Doing an online launch of your product, service or course has never been more popular.
It seems easy enough, right? Create the product, put it on your site and wait for the money to start rolling in. If only launch strategy were that simple.
Successful launches don’t happen by mistake. A good launch plan has some very specific requirements, and very basic steps that must be followed. Here are a few of the most common mistakes I’ve seen.
Common Online Launch Mistakes
1: Launching before you have at least 300 ENGAGED people on your email list
Everyone who launches a product online wants to believe she will be the exception to the rule that you need to have some type of email following before you launch.
The reality is, typically less than 5% of people on your list will buy your product. If you have an extremely engaged audience, the number could be higher, but it’s the exception rather than the rule. If you’d like help figuring out how to build and grow an email list, you can find more info here.
2: Thinking your social media fans and followers will buy from you
Maybe you have 10k followers on Twitter. That doesn’t substitute for having a highly engaged email list of over 300 people. The simple reason is that social media followers don’t tend to buy in the same way as email subscribers.
Followers of your posts are used to getting your coolest stuff free.

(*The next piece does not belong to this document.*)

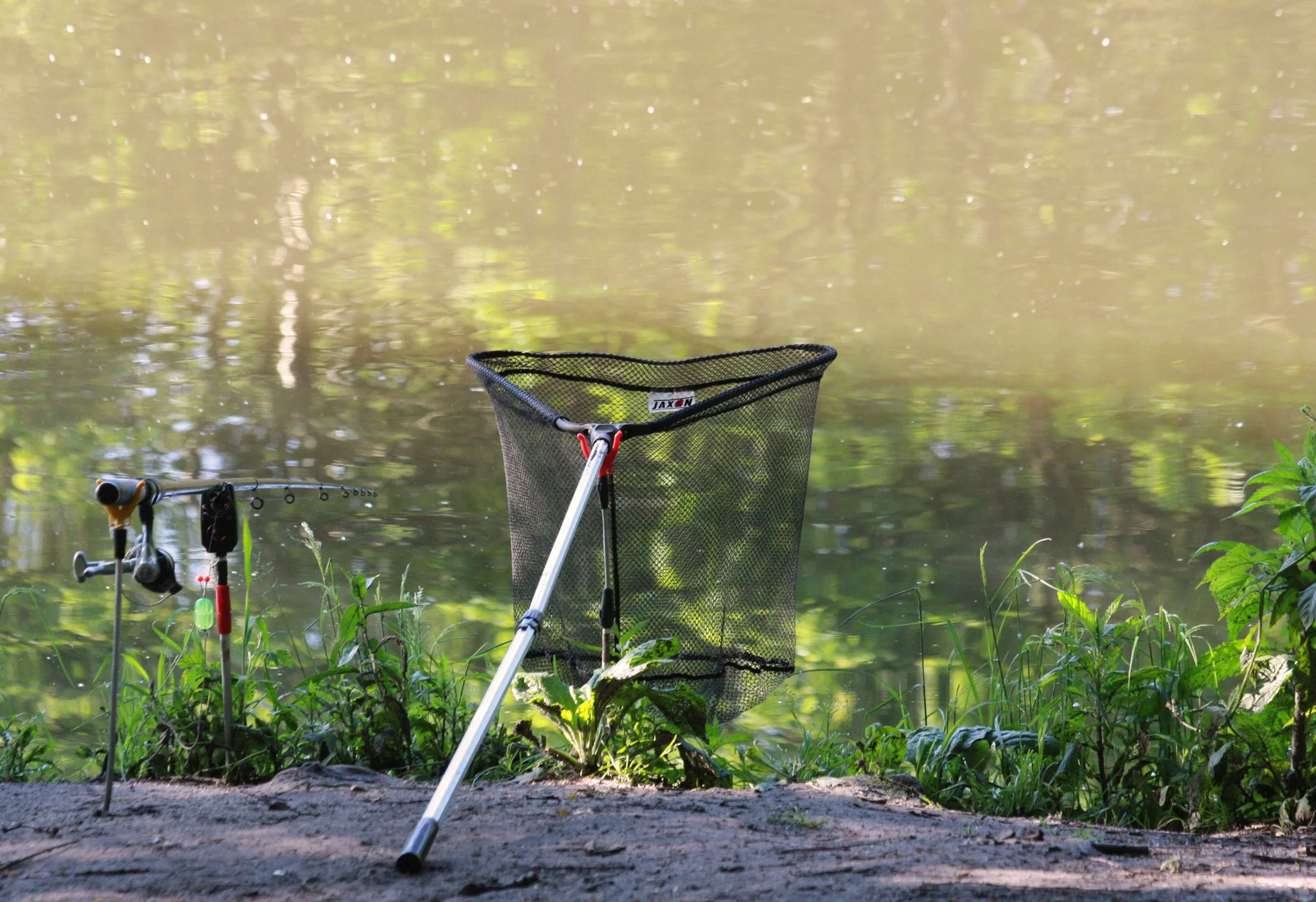 Ett hopfällbart fiskenät som står vid en strand med fiskeutrustning vid vattnet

And, with most social media platforms, there’s no real way to move from the free information they are used to receiving from you to a buying relationship. They are getting your best stuff, delivered right to them while they are sitting on the couch. Why would they ever visit your sales page?
It’s great you have a massive following, but part of your launch plan has to be getting those people on your list so you can engage with them.
3: Not communicating regularly with your email list by giving them amazing free content
Once someone is on your email list, you have to work to stay front of mind. You need to earn the right to be in their inbox. Just because they gave you an email address 3 months ago to get your amazing free offer doesn’t mean that they will remember who you are today or understand why they should buy from you.
Providing consistent, high-quality content via email keeps them wanting more. What better audience can there be to send a launch offer to?
4: Believing you can just throw a few emails together and it will be a successful launch
Launch plans have a lot of strategy behind them — including when to open your cart, how long to leave it open, what type of price point to offer, how many emails to send, how to name your product, and the types of Facebook or other advertising you will do. It isn’t as simple as writing a single email and letting people know you have something to sell.
5: Not planning enough time for the launch process
In most cases, the launch process itself takes about two weeks from the time the first email is sent to your list until the time the shopping cart is closed.
The actual work, however, begins weeks, or even months, earlier when you begin drafting survey questions, scheduling emails and planning out social media campaigns. This process should not be rushed.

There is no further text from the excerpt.